Installing airspeed velocity

airspeed velocity is known to work on Linux and Mac OS-X. It’s highly unlikely that it works on Microsoft Windows. It is known to work with Python 2.6, 2.7, 3.2, 3.3 and 3.4.

airspeed velocity is a standard Python package, with its installation based on setuptools, and can be installed using:

python setup.py install

The requirements should be automatically installed. If they aren’t installed automatically, for example due to networking restrictions, the requirements are:

  • six, 1.4 or later

One of the following:

  • virtualenv, 1.10 or later (this is true even with Python 3.3, where virtualenv is included as venv, since venv is not compatible with other versions of Python).

    Note that virtualenv 1.11.0 will not work, as it contains a bug in setuptools that prevents its installation in a clean virtual environment.

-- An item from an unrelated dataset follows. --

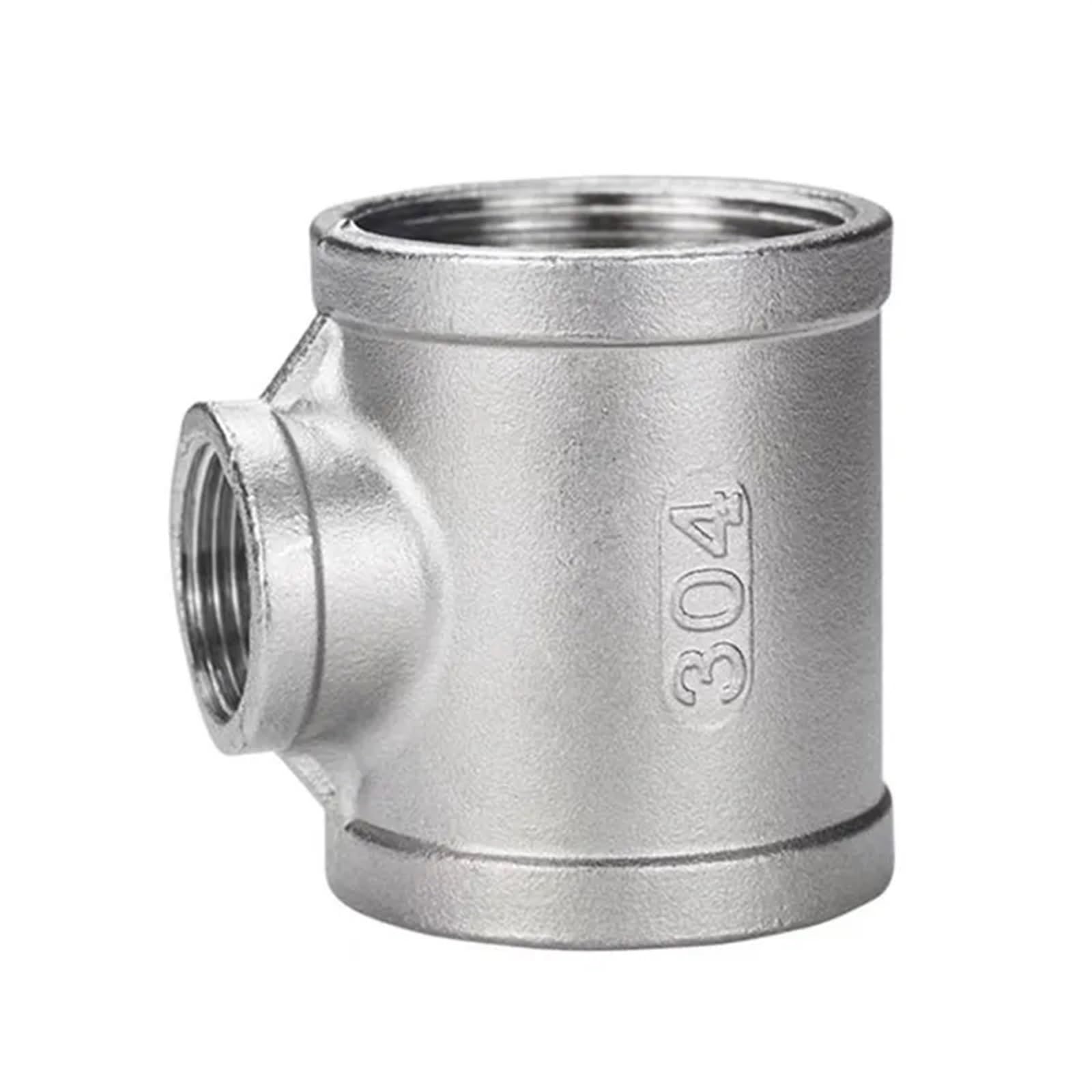 Reductor de Tres vías con Rosca Hembra en T Conector rápido de Tres vías Conector Reductor de tubería de Acero Inoxidable para Juntas de tuberías(DN50 x DN25 x DN50)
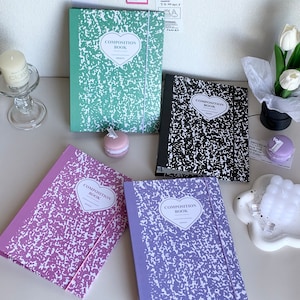 Reliure A5 | Reliure à couverture rigide Composition | Reliure pour cartes photo Kpop | Agenda 6 anneaux K-pop Binder Bullet Journal, cadeaux de scrapbooking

  • An anaconda or miniconda installation, with the conda command available on your path.

Note

Anaconda or miniconda is preferred if the dependencies of your project involve a lot of compiled C/C++ extensions and are available in the conda repository, since conda will be able to fetch precompiled binaries for these dependencies in many cases. Using virtualenv, these dependencies will have to be compiled every time the environments are set up.

Optional optimization

If your project being benchmarked contains C, C++, Objective-C or Cython, consider installing ccache. ccache is a compiler cache that speeds up compilation time when the same objects are repeatedly compiled. In airspeed velocity, the project being benchmarked is recompiled at many different points in its history, often with only minor changes to the source code, so ccache can help speed up the total benchmarking time considerably.

Running the self-tests

The self tests are based on py.test. If you don’t have it installed, and you have a connection to the Internet, it will be installed automatically.